Patrimoine : ce tamboureur qui garde le rythme et le sourire

Le Paranung fait la fierté des Cham de Ninh Thuân et Binh Thuân (Centre). Élément central de l'orchestre traditionnel Cham, ce tambour électrise les fêtes locales, où le feu de joie est toujours allumé par le vénérable tamboureur Thiên Sanh Thêm.

Si les sons du tambour Paranung sont incontournables dans la vie spirituelle et culturelle des Cham dans ces deux des provinces, il n'existe plus aujourd'hui qu'un seul atelier familial tenu par Thiên Sanh Thêm, un fringant septuagénaire.

Juillet 2011. Sous l'accablant soleil estival, Thiên Sanh Thêm laboure son champ, au pied de la montagne de Bau Vuong. Apercevant au loin des visiteurs qui s'approchent, il arrête son bœuf, essuie d'un revers de main la sueur qui perle de son front, et salue avec un sourire chaleureux. "Je viens d'achever deux tambours pour le Festival de la mer qui se tiendra en août prochain à Ninh Thuân. En attendant, je profite du beau temps pour cultiver ma parcelle", explique-t-il. Ce champ de riz est en effet la source de revenu principale de sa famille.

Son atelier de tambours se situe devant sa maison même, dans le village de Huu Duc, commune de Phuoc Huu, district de Ninh Phuoc, province de Ninh Thuân. Il s'agit d'une courette dallée de briques, où ces 50 dernières années, le maître-artisan et ses fils ont fabriqué des centaines de paires de tambours Paranung et Ghinang. Des instruments typiquement Cham, d'ordinaire fabriqués sur commande, écoulés ensuite jusqu'aux confins du delta du Mékong.

Les secrets d'un métier ancestral

"Je ne suis pas l'unique fabricant de tambours ici. Il y a aussi M. Phu Lang, domicilié au pied de la tour de Pôrômê, et M. Lai Lâu, près de celle de Hoa Lai", révèle-t-il. Et d'ajouter avec regret : "Mais ils sont trop vieux pour pouvoir encore en fabriquer. Et moi qui suis aussi vieux, je ne peux me résoudre à arrêter le métier, de peur que ce trésor des Cham disparaisse".

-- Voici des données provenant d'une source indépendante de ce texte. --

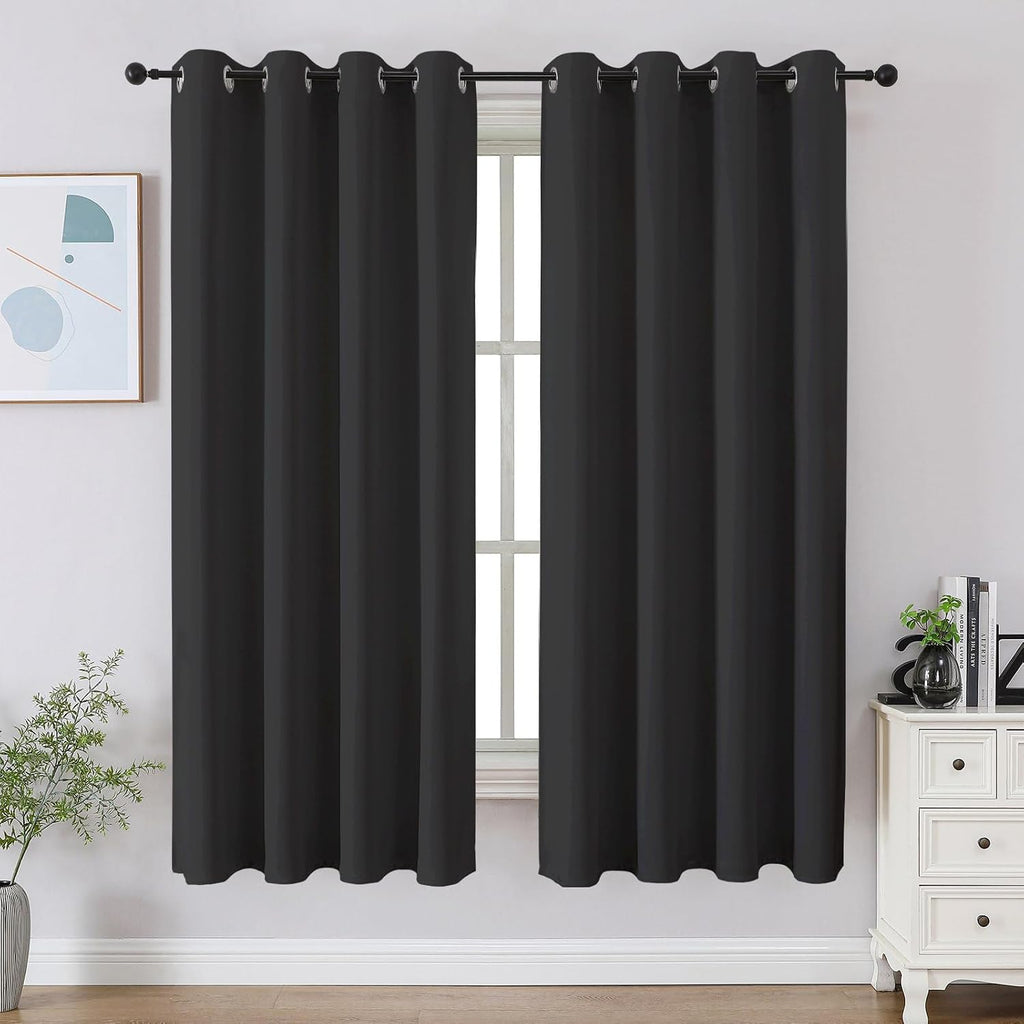 Cucraf Dark Grey Blackout Curtains 54 inch Length 2 Panels Set, Room Darkening Drapes for Living Room Bedroom, Thermal Insulated Light Bloc…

Ce métier ancestral, Thiên Sanh Thêm l'a appris de son père Thiên Sanh Tao, à l'adolescence. À cette époque-là, il l'accompagnait souvent en forêt à la recherche des Ca Chit et Lim Xanh, deux bois durs et rares. Le vieil artisan explique : la caisse de résonance doit obligatoirement être taillée dans un cœur de Ca Chit ou de Lim Xanh. Ensuite, il faut introduire du sable à l'intérieur et laisser sécher au soleil durant une semaine. Un "maillon indispensable" pour assurer au tambour une bonne résonance.

Mais, le travail le plus difficile est la recherche et le traitement de la peau, de cerf ou de chèvre. Selon Thiên Sanh Thêm, son père voulait toujours de la peau de cerf, qu'il chassait lui-même. Mais, "la chasse au cerf étant interdite de nos jours, je dois utiliser celle de chèvre. Avec ces conditions : dans le cas d'un mâle, celui-ci doit posséder des cornes longues de cinq centimètres; et dans le cas d'une femelle, celle-ci doit avoir mis bas sept fois", insiste l'artisan expérimenté.

D'habitude, le processus de fabrication d'une paire de tambours Paranung ou Ghinang nécessite un bon mois. Un "sacré ouvrage" qui, selon la tradition, commence par une cérémonie rituelle, organisée sur le chantier, pour s'attirer les bonnes grâces du Ciel. Et pas question de passer outre ! "Un jour, un artisan n'a pas respecté cet ordre des choses. Le résultat, c'est que ses tambours n'ont pas trouvé preneurs, parce qu'ils ne donnaient pas les bons sons, ceux que nous les Cham aimons", dit-il.

Artisan le matin, enseignant l'après-midi

Thiên Sanh Thêm est non seulement un fabricant chevronné, mais encore un tambourinaire talentueux. Il a été invité à maintes reprises à venir se produire dans des festivals de musique traditionnelle organisés aux quatre coins du pays, voire à donner des cours au Conservatoire de Hanoi. "Mais, ce que je préfère, c'est jouer aux pieds de nos vieilles tours et dans l'ambiance de nos fêtes de Katé et de Rija Nuga. Les sons du Paranung me paraissent alors plus magnifiques que nulle part ailleurs".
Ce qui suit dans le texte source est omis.